▶ **Required action**
Word for word, return each entry that follows, with every image removed.

Caption-style text data
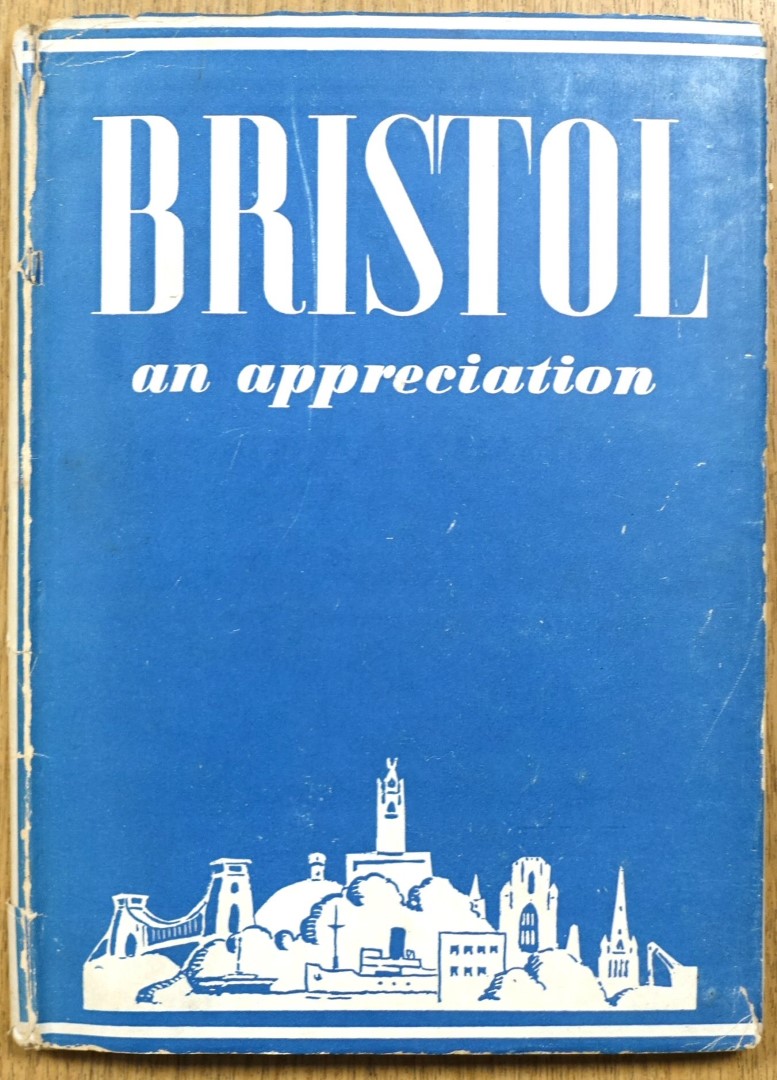 Bristol: An Appreciation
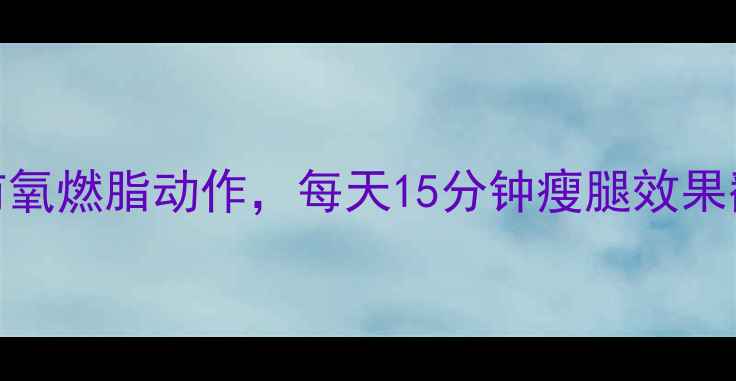 图片 腿粗必看！5个居家有氧燃脂动作，每天15分钟瘦腿效果翻倍（附跟练视频）2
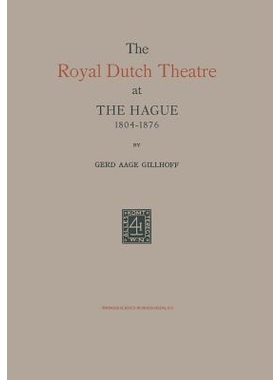 预订 The Royal Dutch Theatre at the Hague 1804–1876: 9789401700146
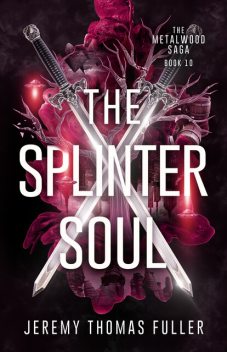 The Splinter Soul, Jeremy Thomas Fuller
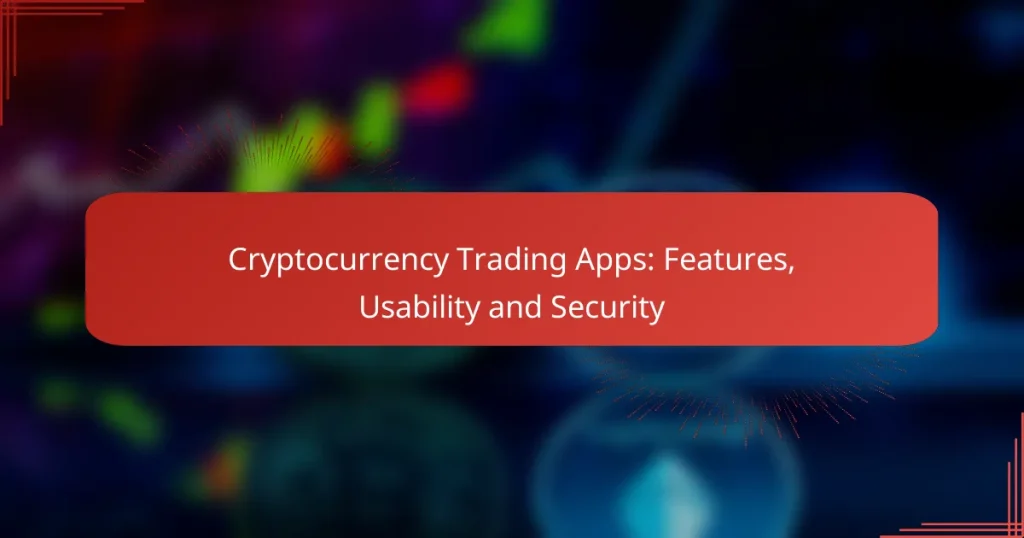 Cryptocurrency Trading Apps: Features, Usability and Security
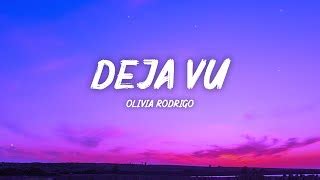 Olivia Rodrigo - Deja Vu (Lyrics) Chords - ChordU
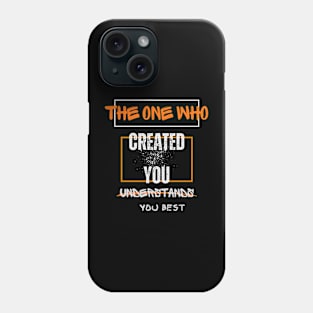 The One Who Created You Phone Case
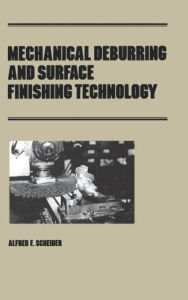 Mechanical Deburring And Surface Finishing Technology (Revised) Scheider Author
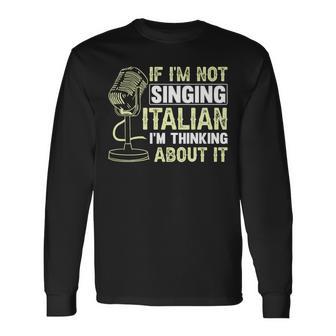 If I'm Not Singing Italian I'm Thinking About It Opera Long Sleeve T-Shirt - Monsterry AU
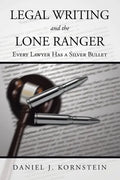 Legal Writing and the Lone Ranger: Every Lawyer Has a Silver Bullet - Paperback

▶ **Output below**
 Bristol: An Appreciation
 图片 腿粗必看！5个居家有氧燃脂动作，每天15分钟瘦腿效果翻倍（附跟练视频）2
 预订 The Royal Dutch Theatre at the Hague 1804–1876: 9789401700146
 The Splinter Soul, Jeremy Thomas Fuller
 Cryptocurrency Trading Apps: Features, Usability and Security
 Olivia Rodrigo - Deja Vu (Lyrics) Chords - ChordU
 The One Who Created You Phone Case
 Mechanical Deburring And Surface Finishing Technology (Revised) Scheider Author
 If I'm Not Singing Italian I'm Thinking About It Opera Long Sleeve T-Shirt - Monsterry AU
 Legal Writing and the Lone Ranger: Every Lawyer Has a Silver Bullet - Paperback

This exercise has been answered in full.